What you should do
The answer should be every line below, repeated exactly, with the images left out.

Information supplied
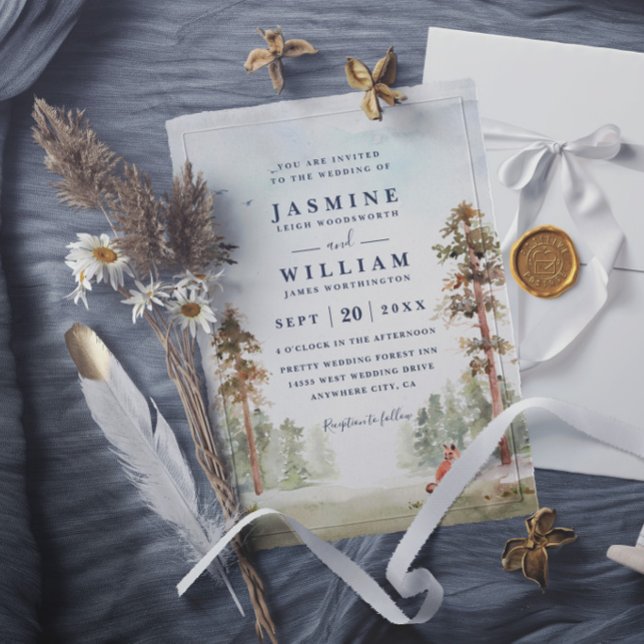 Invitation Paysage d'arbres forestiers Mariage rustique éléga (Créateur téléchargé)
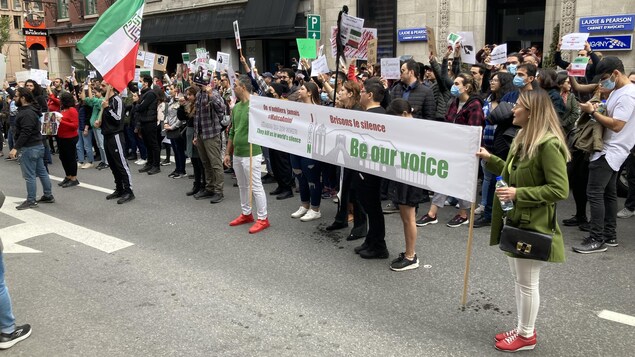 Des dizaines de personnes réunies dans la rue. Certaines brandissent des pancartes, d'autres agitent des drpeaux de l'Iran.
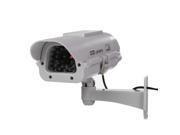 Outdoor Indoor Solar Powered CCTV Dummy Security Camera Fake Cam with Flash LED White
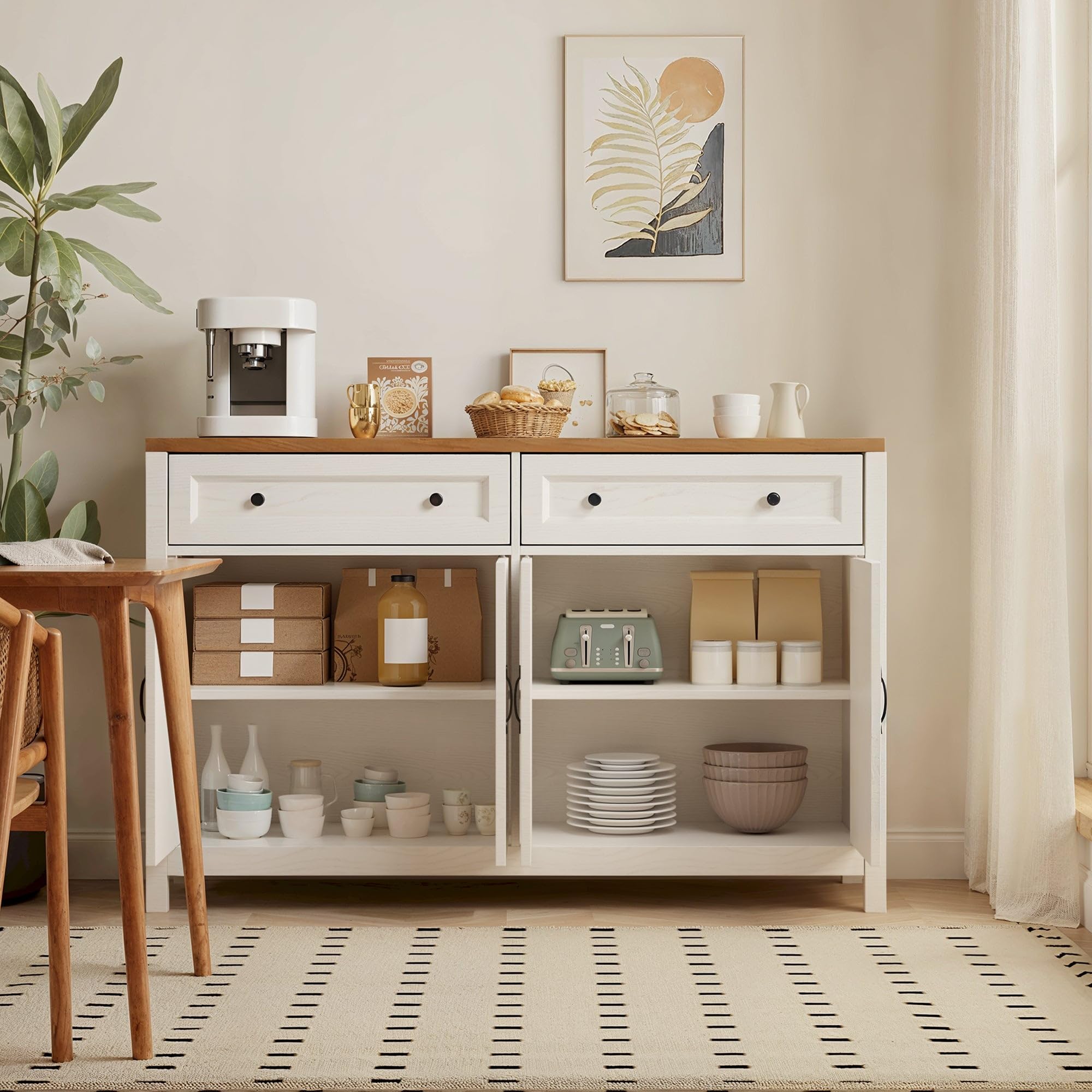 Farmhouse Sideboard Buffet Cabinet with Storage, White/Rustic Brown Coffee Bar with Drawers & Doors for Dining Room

Response to the exercise
 Invitation Paysage d'arbres forestiers Mariage rustique éléga (Créateur téléchargé)
 Des dizaines de personnes réunies dans la rue. Certaines brandissent des pancartes, d'autres agitent des drpeaux de l'Iran.
 Outdoor Indoor Solar Powered CCTV Dummy Security Camera Fake Cam with Flash LED White
 Farmhouse Sideboard Buffet Cabinet with Storage, White/Rustic Brown Coffee Bar with Drawers & Doors for Dining Room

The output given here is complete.